Descalzo, ante el bochinche de niños que suben y bajan por una escalera, el poeta lee. Es difícil escuchar y tal vez sea mejor, porque lo que tiene que decir tiene que ver con la angustia del tiempo. “Sobre el tiempo y en el tiempo discurre este poema”. Mucho hay que decir sobre este concepto: “lo vi entonces como un animal magnífico que lo mismo va/ hacia atrás/ y hacia adelante// pero mejor lo vi en su ojo esférico// que trasciende lo que ha visto lo que verá// y en dirección longitudinal no era el sur y era el sur/ y en lo transversal no era y era el oeste// y contenía de ese modo el potrillo que vi nacer un día/ el potro que relinchaba de puro gozo/ el caballo faenado furtivamente una noche”.
No es un libro contestario. Jotaele tampoco es un poeta contestario. Es algo aún más hondo: algo que duele, porque desenmascara las propias patrañas. Nos hace ver la pertenencia a la grey, y eso duele, como duele el tiempo, inevitable: “ya el cuento de la oveja negra o fluorescente/ ha sido alabado demasiadas veces// y nunca dejan de ser ovejas/ punto// ahora todo lo acomoda la psicología (?)/ los psicofármacos// son ovejas sedadas/ punto”.
Los poemas, líricos y narrativos al mismo tiempo, tienen también su toque de humor y de sarcasmo: “Veni, vidi, vici/ fui y vine en bici”. Y como un río que por momentos se ensancha o angosta, Jotaele trae el recuerdo del tiempo para que no perdamos de vista el sentido del libro, que, de algún modo, conlleva no hacer pie en ninguna parte del río: “Este es un poema cuya idea es el tiempo como un poema inacabable”.
Jotaele termina su lectura. La gente aplaude. Entre la gente estoy yo. No sabemos. No tenemos la menor idea de lo que hemos aplaudido. No por los chiquillos que correteaban y hacían ruido. No tenemos la menor idea de la magnitud, de la pesada piedra que el poeta sostiene entre sus dientes cuando canta.

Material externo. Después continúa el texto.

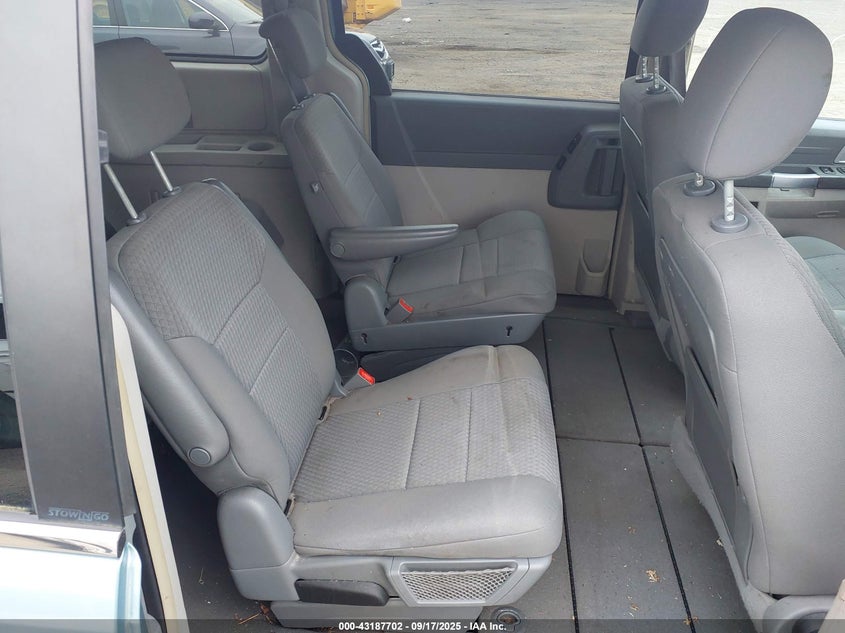 2008 Chrysler Town & Country Touring VIN: 2A8HR54P08R805567 Lot: 43187702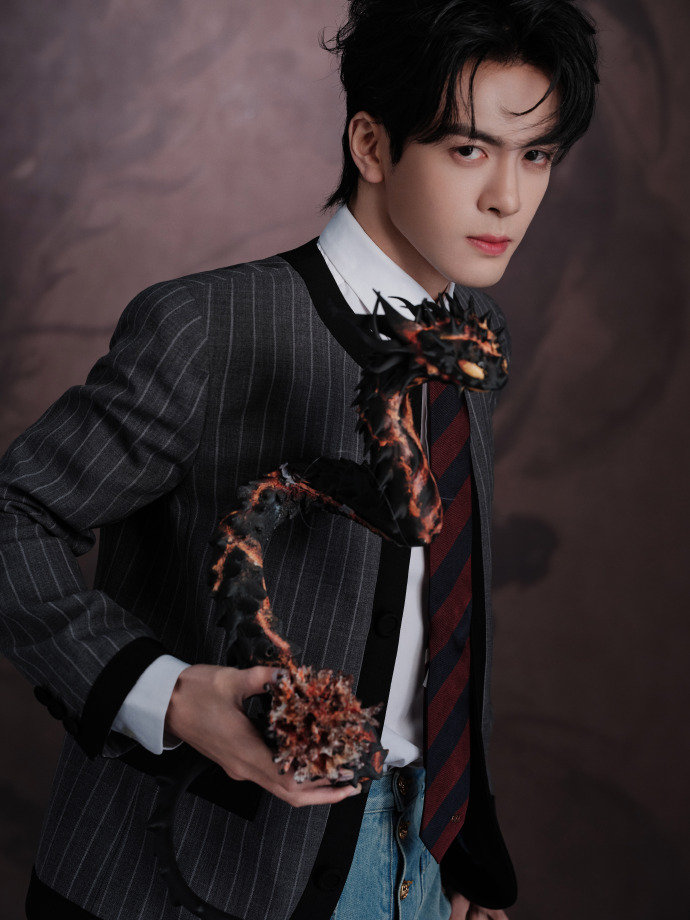 曾舜晞腿长得我有心事了 曾舜晞分享一组武拾光造型图~小王子卷毛太优雅了！腿真的超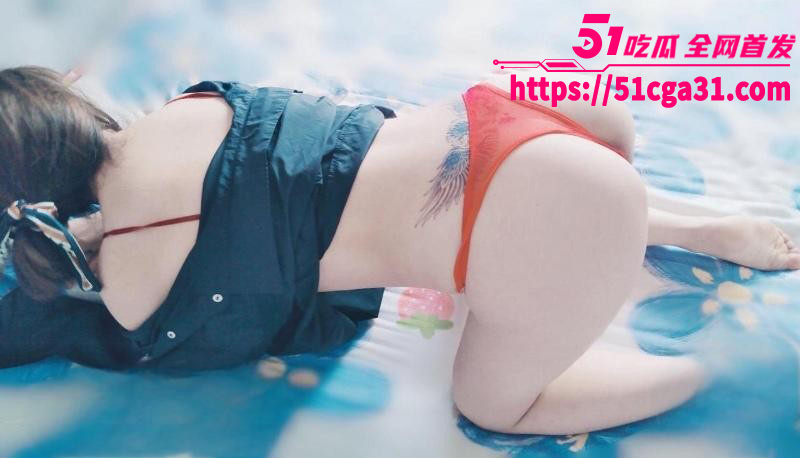 乱伦大神英勇小钢炮暴操尤物大嫂05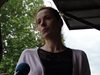 Пуснаха от ареста жената на полицая Караджов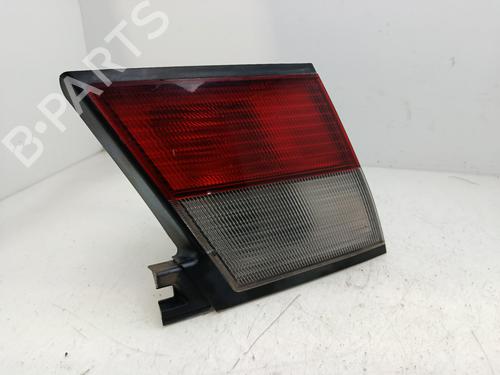 Venstre baglygte bagklap NISSAN PRIMERA (P11) 1.6 16V (99 hp) 31051059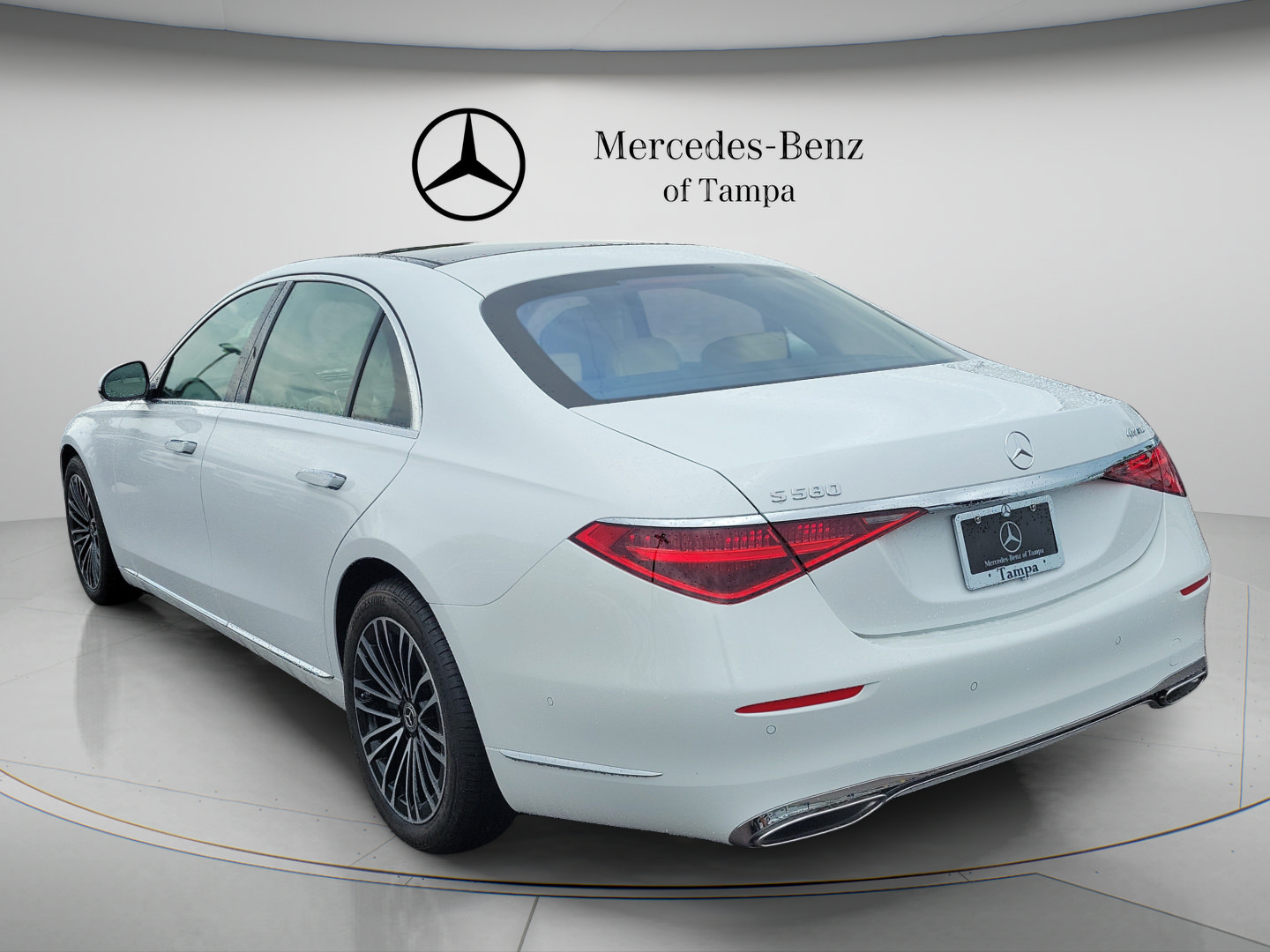New 2026 Mercedes-Benz S 580 4MATIC Sedan image 2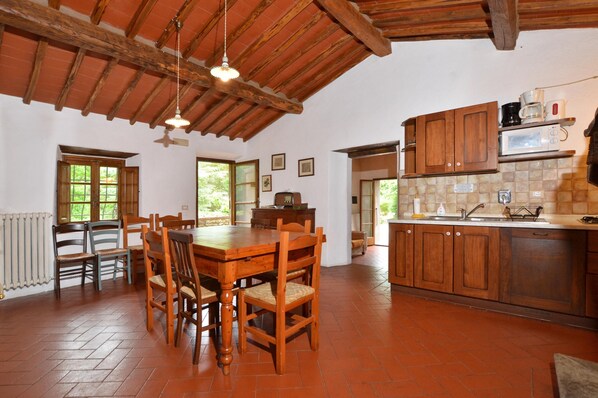 Family Villa, Multiple Bedrooms (Molino del Ponte) | Private kitchen | Microwave, oven, stovetop, dishwasher - Molino del Ponte (Radda in Chianti)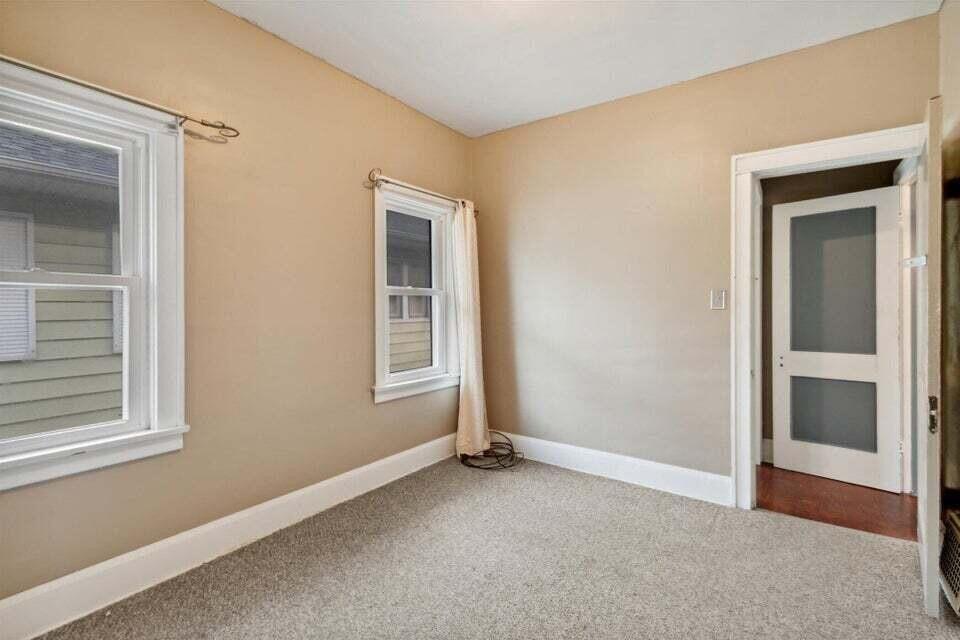 216 Kendall Street N Battle Creek City MI 49037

Ahora que lo leo creo que, si hubiéramos comprendido algo, hubiésemos rasgado nuestros vestidos, hubiésemos llorado a gritos, y probablemente hubiésemos lapidado a ese hombre que -descalzo- arrojaba jirones de verdad por el aire.
Jotaele se pone las zapatillas y se baja del escenario. Ya no hay ningún resplandor en su rostro. Ninguna zarza arde. Viene de hablar con dios y cualquiera que haya hablado con dios es considerado loco. Me pasa un mate. Amargo. Es tiempo de volver.
Con el libro bajo el brazo, kilómetros de distancia mediante, enciendo mi lámpara nocturna y leo. Hace frío. “El tiempo es una cebolla que se descascara infinitamente”, dice la dedicatoria, entre otras cosas. Me doy cuenta que los epígrafes (de Pascal Quignard y Alfredo Zitarrosa) no están porque sí. Dice el uruguayo: “No tenés más coyunda que el tiempo”. ¿Qué quería decir “coyunda”? me pregunto. Busco: soga con que se uncen los bueyes. El tiempo.
El tiempo. Y nosotros ahí, uncidos, doblegados. Vuelvo a mi lámpara nocturna, al resplandor secreto que acontece sobre el libro. Es de noche. Hace frío. Leo. Casi no me doy cuenta de que, sin pensarlo, me he quitado los zapatos.
Descalzo entro aún más en ese río que me lleva, ese libro que se llama todo ojo tiempo.